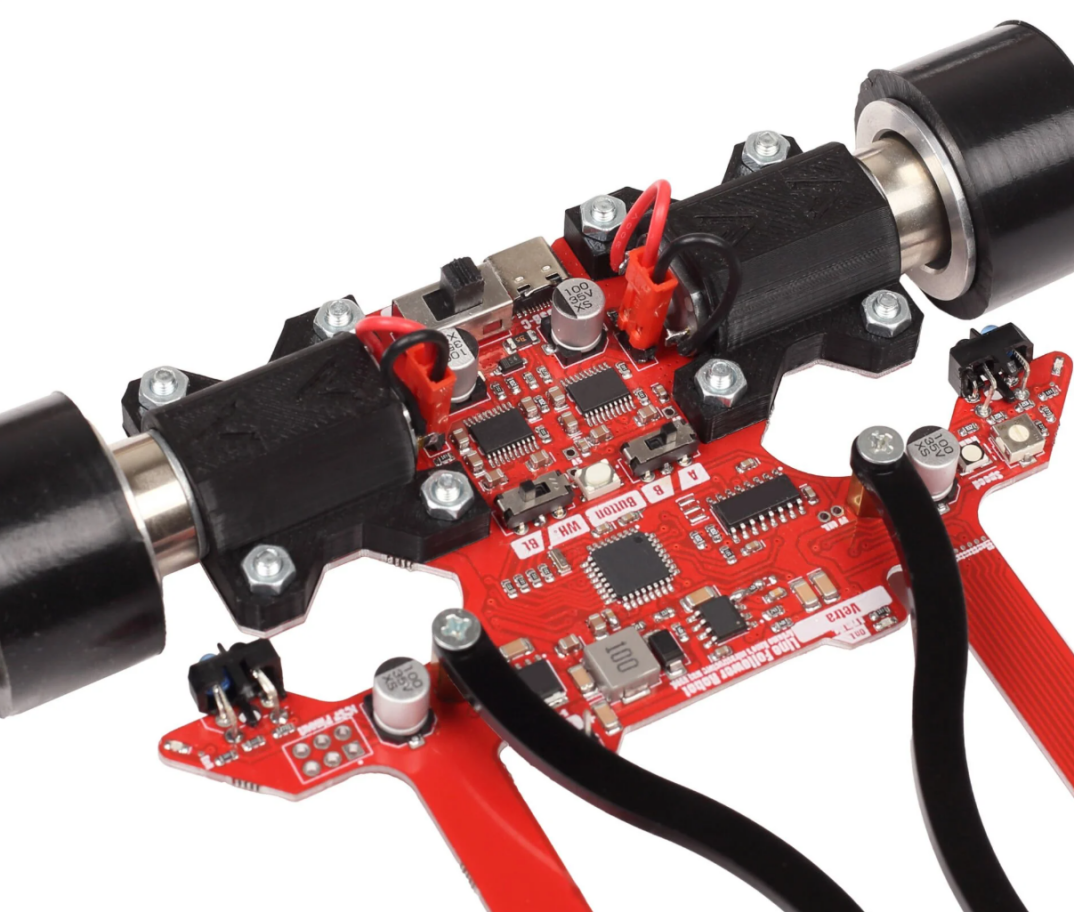 Vetra Sürətli Xətt İzləyən Robot Dəsti Enkoderli - 5000 RPM - 4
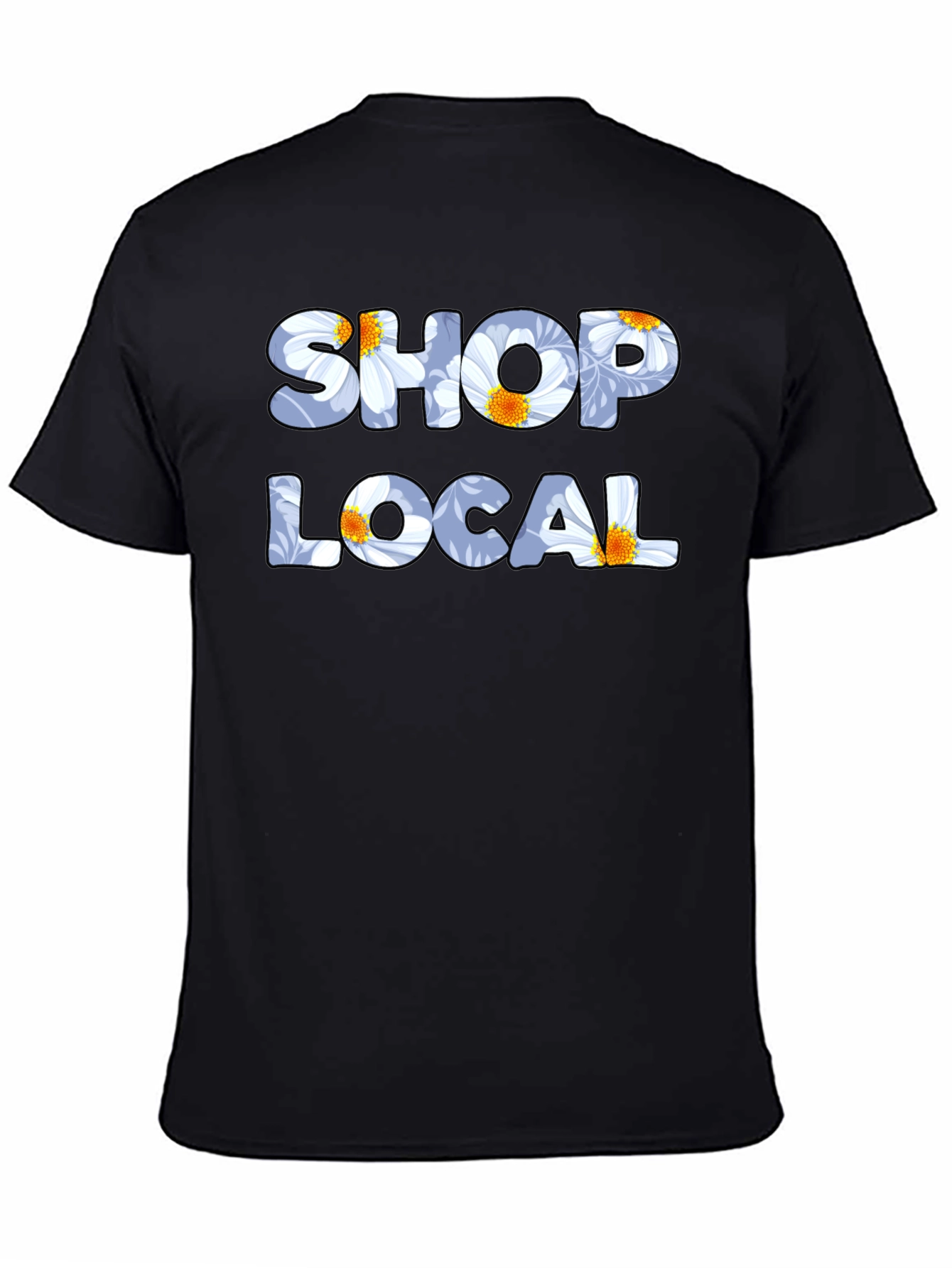 Shop Local Floral Graphic T-Shirt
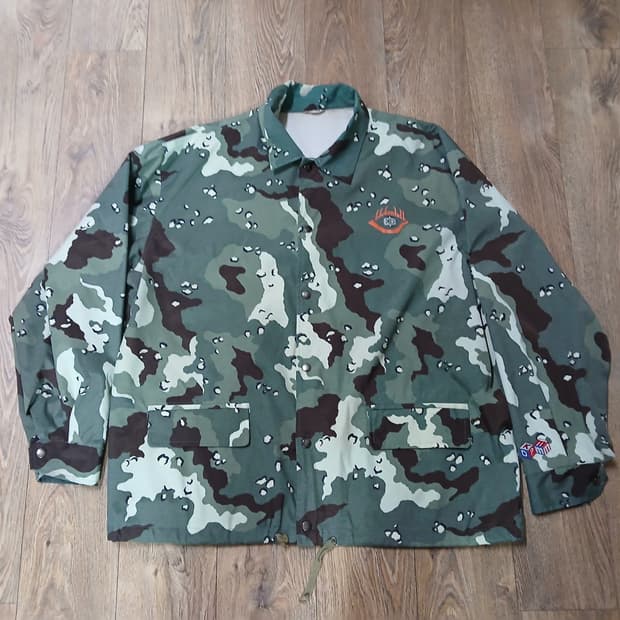 인크레더블 레코드 카모 코치자켓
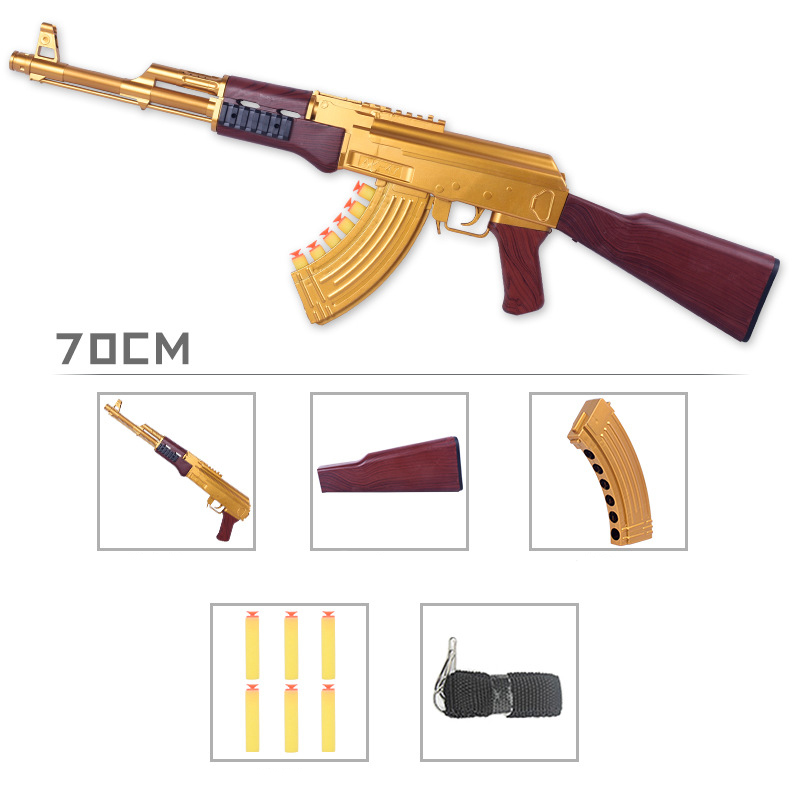 AK47 Soft Bullet Toy Gun Manual Pneumatic Rifle For Adults Kids Birthday Gift Outdoor Games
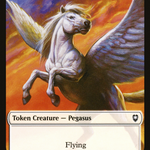 Pegasus (CLB-003) - Battle for Baldur's Gate Tokens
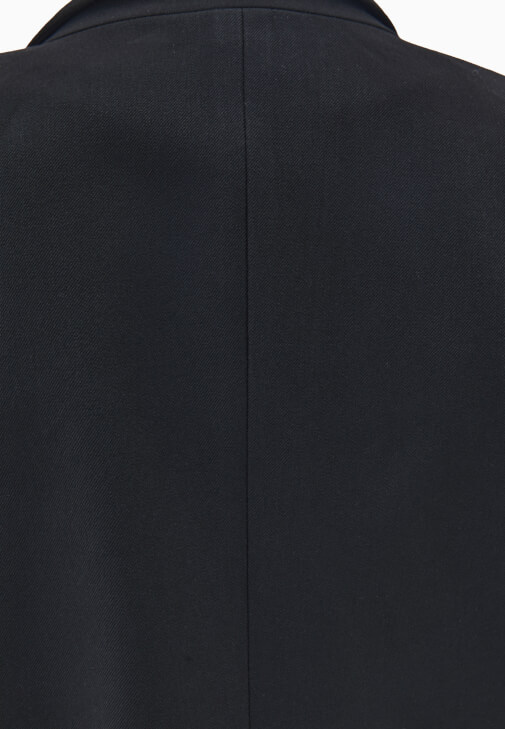 Crop Blazer Ceket ve Carrot-Fit Pantolon Kombini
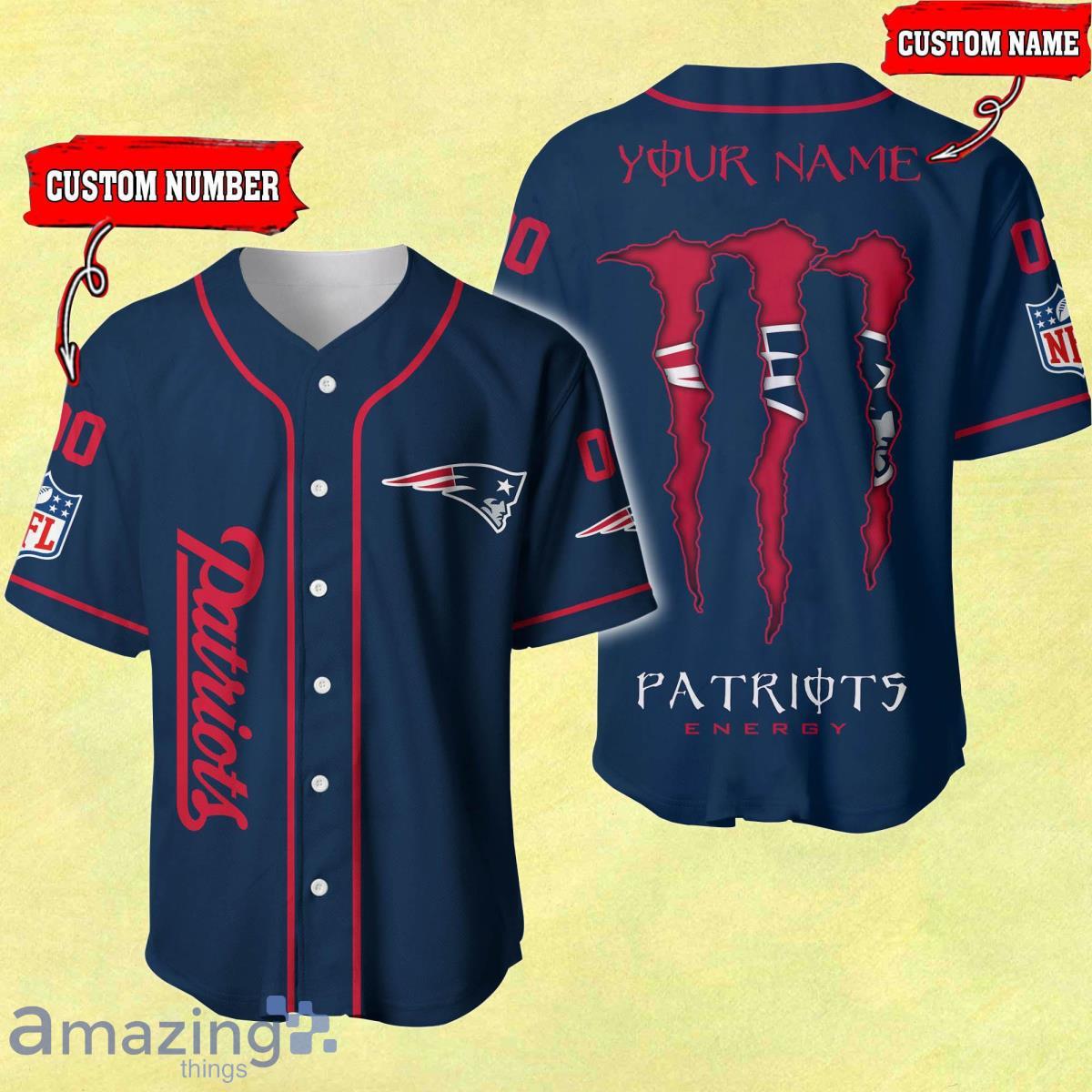 New England Patriots Custom name Baseball Shirt Best Gift For Men And Women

Problem: Your answer should reproduce every line of the data verbatim and include no images.

Task result:
 Vetra Sürətli Xətt İzləyən Robot Dəsti Enkoderli - 5000 RPM - 4
 Shop Local Floral Graphic T-Shirt
 인크레더블 레코드 카모 코치자켓
 AK47 Soft Bullet Toy Gun Manual Pneumatic Rifle For Adults Kids Birthday Gift Outdoor Games
 Pegasus (CLB-003) - Battle for Baldur's Gate Tokens
 Crop Blazer Ceket ve Carrot-Fit Pantolon Kombini
 New England Patriots Custom name Baseball Shirt Best Gift For Men And Women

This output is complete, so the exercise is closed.